Summary: Python isn't the bottleneck yet, and if it becomes one, C will become the last 1%.
I've been working on production apps in Python since 2002, including ones doing large-scale compute running 1000+ machines at once. How: 99% python, 1% C. But the trick is, you only build in the C once you've worked out all the kinks and optimized the big-picture stuff elsewhere. Python is great for not only connecting things, but rapidly iterating on algorithms and building maintainable code.
The AI / ML community has discovered this too: Python is now the most popular language in that community. Despite the heavy compute. How: most of the popular libraries have efficient C (etc) implementations under the hood.
This is exactly the philosophy we've been following at BigchainDB, with success. Python to connect things, iterate quickly in improving algorithms, and ship maintainable code.
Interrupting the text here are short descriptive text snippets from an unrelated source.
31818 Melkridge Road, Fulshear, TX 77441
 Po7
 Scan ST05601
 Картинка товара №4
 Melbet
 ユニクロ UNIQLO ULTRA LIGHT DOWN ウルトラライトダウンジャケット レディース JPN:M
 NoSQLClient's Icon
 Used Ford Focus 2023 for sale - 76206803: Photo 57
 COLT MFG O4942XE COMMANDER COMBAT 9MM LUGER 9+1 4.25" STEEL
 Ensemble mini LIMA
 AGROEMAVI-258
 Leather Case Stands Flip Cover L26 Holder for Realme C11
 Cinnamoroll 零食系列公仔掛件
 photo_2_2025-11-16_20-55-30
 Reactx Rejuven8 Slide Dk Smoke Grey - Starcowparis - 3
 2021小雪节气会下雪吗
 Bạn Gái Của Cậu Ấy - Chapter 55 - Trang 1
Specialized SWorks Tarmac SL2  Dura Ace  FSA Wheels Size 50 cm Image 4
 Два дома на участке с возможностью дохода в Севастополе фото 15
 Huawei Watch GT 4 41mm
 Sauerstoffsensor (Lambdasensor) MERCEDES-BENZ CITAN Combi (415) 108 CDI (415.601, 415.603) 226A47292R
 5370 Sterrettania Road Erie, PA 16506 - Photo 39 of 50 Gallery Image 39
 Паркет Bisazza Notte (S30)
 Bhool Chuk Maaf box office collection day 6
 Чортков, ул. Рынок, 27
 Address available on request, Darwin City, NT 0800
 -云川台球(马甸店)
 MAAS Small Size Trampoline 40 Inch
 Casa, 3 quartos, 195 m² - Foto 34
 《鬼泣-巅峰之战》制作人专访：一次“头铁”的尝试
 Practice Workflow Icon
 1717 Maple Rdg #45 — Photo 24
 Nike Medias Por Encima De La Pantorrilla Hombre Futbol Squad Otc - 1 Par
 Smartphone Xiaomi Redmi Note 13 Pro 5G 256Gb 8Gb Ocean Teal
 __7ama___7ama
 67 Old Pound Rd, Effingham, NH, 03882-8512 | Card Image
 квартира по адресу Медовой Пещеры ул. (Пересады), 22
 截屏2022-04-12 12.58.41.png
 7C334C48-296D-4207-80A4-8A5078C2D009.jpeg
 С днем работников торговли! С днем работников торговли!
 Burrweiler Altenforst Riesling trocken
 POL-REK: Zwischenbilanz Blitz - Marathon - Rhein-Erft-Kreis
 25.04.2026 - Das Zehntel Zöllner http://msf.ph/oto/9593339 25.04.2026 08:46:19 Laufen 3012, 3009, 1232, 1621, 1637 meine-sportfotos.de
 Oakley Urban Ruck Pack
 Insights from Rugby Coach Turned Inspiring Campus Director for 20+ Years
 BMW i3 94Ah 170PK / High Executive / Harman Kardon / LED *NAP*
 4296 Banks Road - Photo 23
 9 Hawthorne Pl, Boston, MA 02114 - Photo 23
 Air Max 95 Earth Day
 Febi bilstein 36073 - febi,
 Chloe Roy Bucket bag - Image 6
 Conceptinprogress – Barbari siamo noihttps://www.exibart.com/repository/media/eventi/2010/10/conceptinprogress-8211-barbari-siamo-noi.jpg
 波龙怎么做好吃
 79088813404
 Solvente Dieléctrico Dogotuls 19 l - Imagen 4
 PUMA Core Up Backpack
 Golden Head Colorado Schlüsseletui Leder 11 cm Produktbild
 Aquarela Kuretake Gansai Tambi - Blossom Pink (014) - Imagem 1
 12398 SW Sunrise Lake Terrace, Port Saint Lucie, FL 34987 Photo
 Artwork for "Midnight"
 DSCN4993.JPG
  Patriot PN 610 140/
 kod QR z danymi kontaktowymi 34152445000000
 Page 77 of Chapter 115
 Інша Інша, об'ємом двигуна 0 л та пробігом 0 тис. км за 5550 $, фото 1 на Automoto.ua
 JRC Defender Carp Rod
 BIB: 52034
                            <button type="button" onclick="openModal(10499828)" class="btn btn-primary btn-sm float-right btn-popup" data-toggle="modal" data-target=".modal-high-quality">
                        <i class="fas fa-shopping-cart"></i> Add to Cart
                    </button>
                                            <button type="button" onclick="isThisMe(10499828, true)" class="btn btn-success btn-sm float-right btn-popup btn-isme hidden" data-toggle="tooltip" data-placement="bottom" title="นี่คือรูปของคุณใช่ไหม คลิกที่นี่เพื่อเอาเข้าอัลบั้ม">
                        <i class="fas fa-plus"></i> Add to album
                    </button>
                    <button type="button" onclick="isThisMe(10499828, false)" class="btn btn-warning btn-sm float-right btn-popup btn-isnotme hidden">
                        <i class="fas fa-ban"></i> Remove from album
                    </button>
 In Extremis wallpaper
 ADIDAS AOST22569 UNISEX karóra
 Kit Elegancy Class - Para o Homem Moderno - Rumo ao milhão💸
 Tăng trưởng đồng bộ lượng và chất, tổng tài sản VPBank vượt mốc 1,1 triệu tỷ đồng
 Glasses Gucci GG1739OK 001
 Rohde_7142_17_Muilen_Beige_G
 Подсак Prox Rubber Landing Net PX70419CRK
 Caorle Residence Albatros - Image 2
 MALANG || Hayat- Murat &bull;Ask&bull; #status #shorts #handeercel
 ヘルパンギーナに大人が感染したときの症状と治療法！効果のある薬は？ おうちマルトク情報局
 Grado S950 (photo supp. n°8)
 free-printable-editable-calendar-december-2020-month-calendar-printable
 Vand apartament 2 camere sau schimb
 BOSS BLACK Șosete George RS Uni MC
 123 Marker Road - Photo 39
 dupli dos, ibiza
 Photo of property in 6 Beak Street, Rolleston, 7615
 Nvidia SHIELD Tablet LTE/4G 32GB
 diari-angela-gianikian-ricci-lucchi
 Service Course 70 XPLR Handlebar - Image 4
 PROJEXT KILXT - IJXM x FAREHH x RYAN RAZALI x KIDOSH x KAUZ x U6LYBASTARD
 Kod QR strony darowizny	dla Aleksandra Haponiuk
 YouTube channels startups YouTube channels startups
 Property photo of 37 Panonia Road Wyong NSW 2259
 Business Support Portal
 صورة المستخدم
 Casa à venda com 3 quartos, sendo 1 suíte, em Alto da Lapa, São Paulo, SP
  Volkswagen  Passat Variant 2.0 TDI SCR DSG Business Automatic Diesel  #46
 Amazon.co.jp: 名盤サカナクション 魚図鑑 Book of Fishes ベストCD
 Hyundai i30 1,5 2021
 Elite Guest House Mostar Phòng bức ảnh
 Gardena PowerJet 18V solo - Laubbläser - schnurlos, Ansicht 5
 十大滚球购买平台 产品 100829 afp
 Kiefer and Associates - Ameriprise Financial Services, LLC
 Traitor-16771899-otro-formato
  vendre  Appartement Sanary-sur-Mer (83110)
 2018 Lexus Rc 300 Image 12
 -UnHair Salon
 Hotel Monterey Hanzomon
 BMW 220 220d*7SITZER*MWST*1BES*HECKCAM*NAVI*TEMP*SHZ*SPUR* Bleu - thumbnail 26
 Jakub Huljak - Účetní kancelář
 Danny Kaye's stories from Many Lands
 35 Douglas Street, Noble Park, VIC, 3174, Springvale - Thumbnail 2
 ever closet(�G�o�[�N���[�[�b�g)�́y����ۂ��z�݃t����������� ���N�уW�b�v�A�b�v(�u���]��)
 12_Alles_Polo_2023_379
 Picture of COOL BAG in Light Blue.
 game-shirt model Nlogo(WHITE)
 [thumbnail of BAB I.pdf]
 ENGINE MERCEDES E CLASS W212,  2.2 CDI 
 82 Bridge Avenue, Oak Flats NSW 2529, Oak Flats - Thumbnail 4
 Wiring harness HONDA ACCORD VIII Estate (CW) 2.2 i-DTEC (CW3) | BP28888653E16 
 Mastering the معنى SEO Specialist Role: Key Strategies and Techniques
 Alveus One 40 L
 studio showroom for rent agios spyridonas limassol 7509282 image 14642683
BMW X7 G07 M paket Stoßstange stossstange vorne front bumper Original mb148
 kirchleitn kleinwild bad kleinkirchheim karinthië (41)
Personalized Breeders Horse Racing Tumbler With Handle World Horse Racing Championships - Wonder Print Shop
We haven't got far enough to resort to building our own C libraries yet, though many 3rd party libraries we use are implemented in C.
[EDIT] Based on the comments below, I'll now mention here too: BigchainDB wraps MongoDB, which is written in C++. And, Python 3.5+ (which BDB uses) has gradual typing, which brings many benefits of static typing to Python.
I encourage you to give BigchainDB a whirl, it's easy: https://www.bigchaindb.com/getstarted/
How one goes about getting those characteristics is wide open. Most blockchain systems do have a full copy of the database at each server node, i.e. fully replicated. Also, they are "peer to peer" which means there is no distinction between clients and servers. (They do have SPV wallets though which is kinda similar.)
BigchainDB's focus has always been about scale. We're partly there but not fully: we are currently fully replicated but are targeting sharding to address that . Where we do get scale already is properly distinguishing between between clients and servers. Servers are "super peers", decentralized among themselves. They do the heavy lifting, i.e storage. Apps don't need to run a server node; instead they simply are clients to the network, and of course can query >1 node.
I feel that gradual typing offers the best of both worlds: rapid prototyping, but also the strictness of types where you need it.
BigchainDB targets giving the following benefits beyond traditional database as a service:
1. decentralized - no single entity controls it, which means tolerant to malicious / Byzantine faults. Benefit: groups that don't necessarily trust each other can share infrastructure.
2. immutable - which practically speaking means more tamper resistant, e.g. it's append only. Benefit: well-defined provenance for history of assets, data, etc.
3. assets - you can create and issue assets, where you own them if you have the private key. How: each tx is signed. Benefit: moving around assets on a substrate that no single entity owns or controls. Lower friction in exchanges. And the digital signatures gives cryptographic proof that about who did what.
These are the targets. We're not fully there yet. Most notably, we still need to address some Byzantine faults as our docs ( above) mention. This will come in an upcoming release. We are also working on improved scalability while maintaining the security guarantees .
Re consensus: BigchainDB has a two-layer consensus, as follows.
* The lower layer directly uses MongoDB's consensus (which it builds on) to agree on whether a transaction should be stored.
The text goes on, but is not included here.